Make a social credits system to give short term incentives to people to reduce their environmental footprint. Use this to create social and economic pressure on govt and industry to improve their impact on climate.
- People earn points based on how far below the national average per capita emission they are.
- Company A sells coffee, it wants to be seen as caring about the environment. They have a marketing budget.
- Company A offers a 10% discount on their coffee for people in exchange of 100 points.
TK: This needs to be fleshed out more.
TK
Prototyping tool + IDE for designers that generates/manipulates your UI code, integrates with your source control (A visual IDE, Unity for web pages, so to speak)
During my time at verloop, I'd noticed a few recurring themes in the design process:
- Transition from low fidelity to high fidelity designs would keep presenting previously unidentified usability issues.
- The UI developers shipped would drift from the designer's intent.
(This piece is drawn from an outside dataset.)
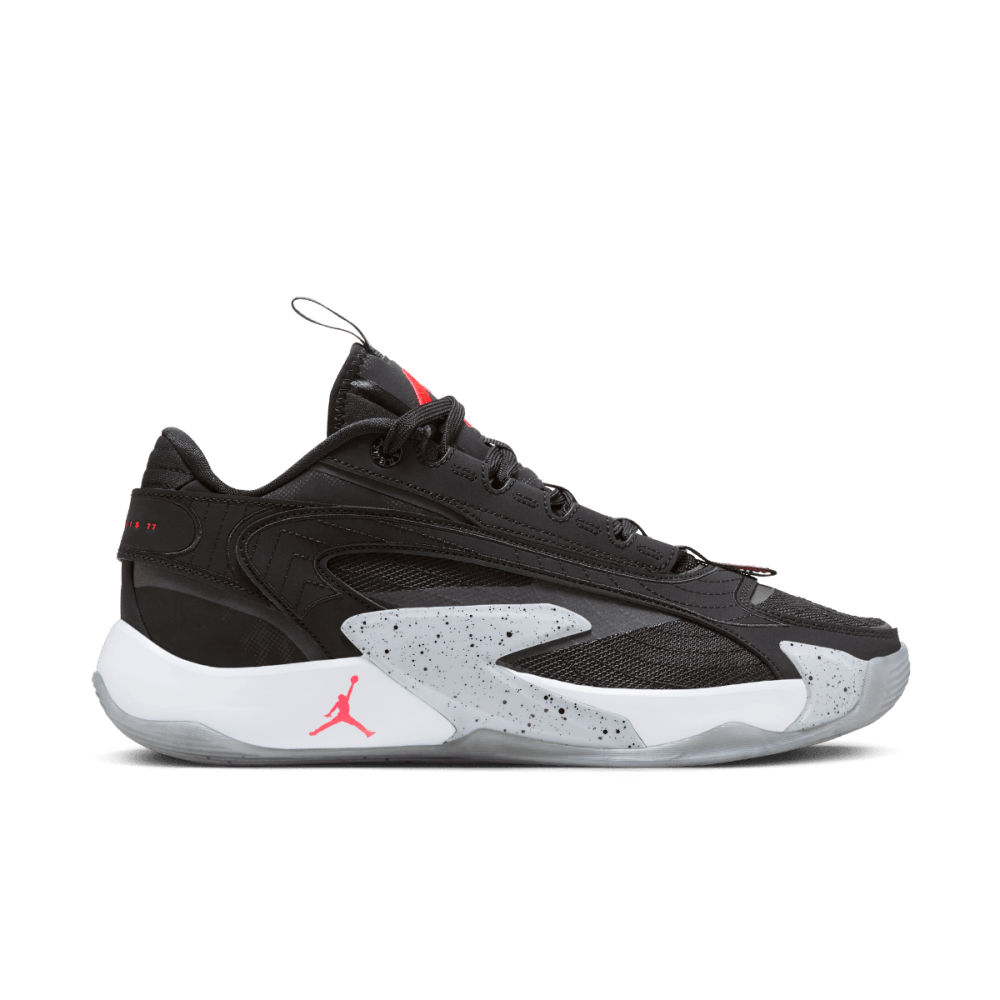 NIKE - JORDAN LUKA 2 PF Men - Rev Online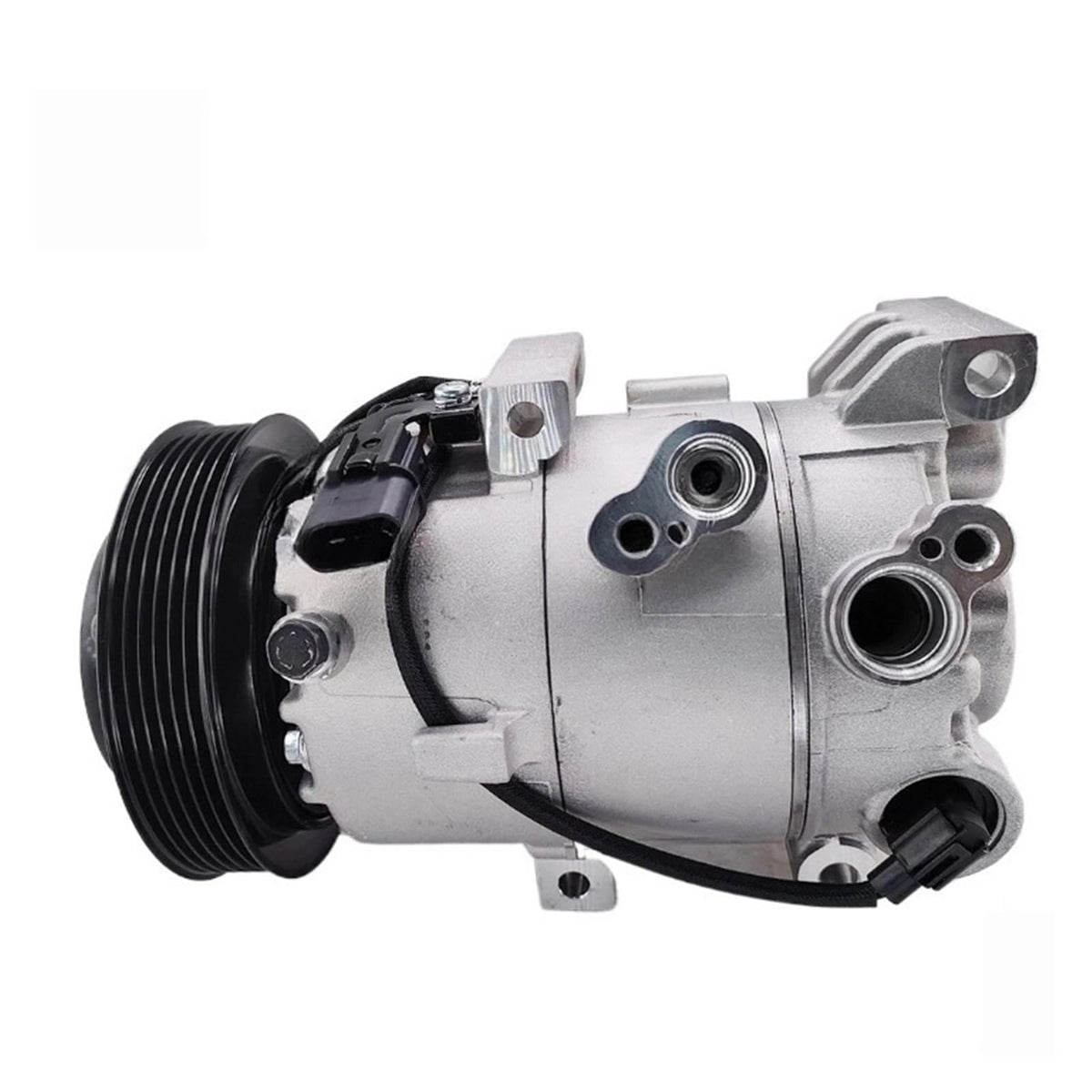 AC COMPRESSOR KIA SELTOS -97701-Q6000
Even components of the designer and developers would have differences because the fundamental limits of the universe of a prototyping tool and that of a UI framework are different.
- The engineer working on the UI would keep running into constraints of the framework and this would lead to a lot of back and forth between the dev and the desiger.
These problems weren't specific to verloop and even larger companies that have much better efficiency struggle with these issues to some extent.
In an ideal world, the designer should get to make the entire user experience flow and the frontend developer should only need to work on the data + API layer. Right now, the designer works with the contstraints of the tool they are using instead of the UI framework the developer has access to and the developer spends time on manually codifying UI information from a prototyping/design site into the framework.
The export from all famous prototyping tools I've encountered are utterly useless to be actually usable by the frontend engineer directly.
There are also lesser known tools that try to work with a few UI frameworks, but those necessitate starting with a new project and sometimes also have a limit on the components you can use.
There have been attempts in making websites completely code independent, like CMSes and SaaS cmses, but these haven't been flexible enough to penetrate any "serious" use cases.
Make an open source UI prototyping editor based on popular frameworks. Alternatively, add a view tab + UI drag and drop capability in existing editors like VSCode.
Minimum:
- Render real frontend code, no canvas, no images, no gimmicks.
- Must work with as many existing code bases as possible. i.e. Integration with top 5 UI frameworks and top 5 css frameworks.
- Minimum changes to existing projects to get started.
- 2 edit modes. 1 to edit the grid and another for component dropping within the grid.
- Avoid bad UI code. Eg: Minimal
position:absolute
elements and minimal inline styles. - Save changes back to the UI template code file. Use project's pre-conigured linter.
- Ability to bind events of components with existing JS/TS methods / other html attributes like a regular editor.
Good to have:
- Integration with gitlab, github and bitbucket to raise PRs.
- Ability to make ghost JS/TS methods with notes as comments for developers to implement necessary functionality.
- Equivalent of sourcemaps for this editor, so that one can enter debug / possibly enter edit mode in production to raise a PR against master (hotfix)
Side benefit: More developers will want to work with the UI. Right now, translating UI from designer prototype to code is sometimes seen as tedious work that most developers do not want to do. Dragging and dropping is much easier than figuring out UI developer code.